_Short web captions:_
------------------------------------------------------------

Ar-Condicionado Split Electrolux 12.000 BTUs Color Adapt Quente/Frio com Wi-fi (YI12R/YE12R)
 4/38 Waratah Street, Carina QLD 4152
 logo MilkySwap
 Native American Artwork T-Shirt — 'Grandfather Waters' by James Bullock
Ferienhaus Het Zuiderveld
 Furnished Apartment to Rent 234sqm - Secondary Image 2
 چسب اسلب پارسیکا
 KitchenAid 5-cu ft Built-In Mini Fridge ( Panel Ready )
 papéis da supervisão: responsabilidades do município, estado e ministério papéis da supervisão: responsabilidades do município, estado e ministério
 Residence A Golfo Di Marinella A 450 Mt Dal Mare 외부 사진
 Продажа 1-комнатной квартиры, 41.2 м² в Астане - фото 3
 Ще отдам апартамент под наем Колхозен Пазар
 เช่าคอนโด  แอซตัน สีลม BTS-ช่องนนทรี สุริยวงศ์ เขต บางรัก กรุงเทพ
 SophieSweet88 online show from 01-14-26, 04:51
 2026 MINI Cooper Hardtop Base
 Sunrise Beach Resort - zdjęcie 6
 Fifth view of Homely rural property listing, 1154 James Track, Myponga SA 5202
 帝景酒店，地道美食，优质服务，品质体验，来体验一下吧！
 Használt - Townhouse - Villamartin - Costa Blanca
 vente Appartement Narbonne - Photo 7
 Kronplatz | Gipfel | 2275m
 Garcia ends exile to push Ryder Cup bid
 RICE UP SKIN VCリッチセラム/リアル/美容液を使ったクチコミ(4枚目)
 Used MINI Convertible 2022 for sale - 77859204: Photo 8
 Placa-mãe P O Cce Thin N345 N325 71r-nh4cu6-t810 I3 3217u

------------------------------------------------------------

_EXERCISE OBJECTIVE:_
If a line of the data holds the string "Photo", list it.

_EXERCISE RESULT:_
 vente Appartement Narbonne - Photo 7
 Used MINI Convertible 2022 for sale - 77859204: Photo 8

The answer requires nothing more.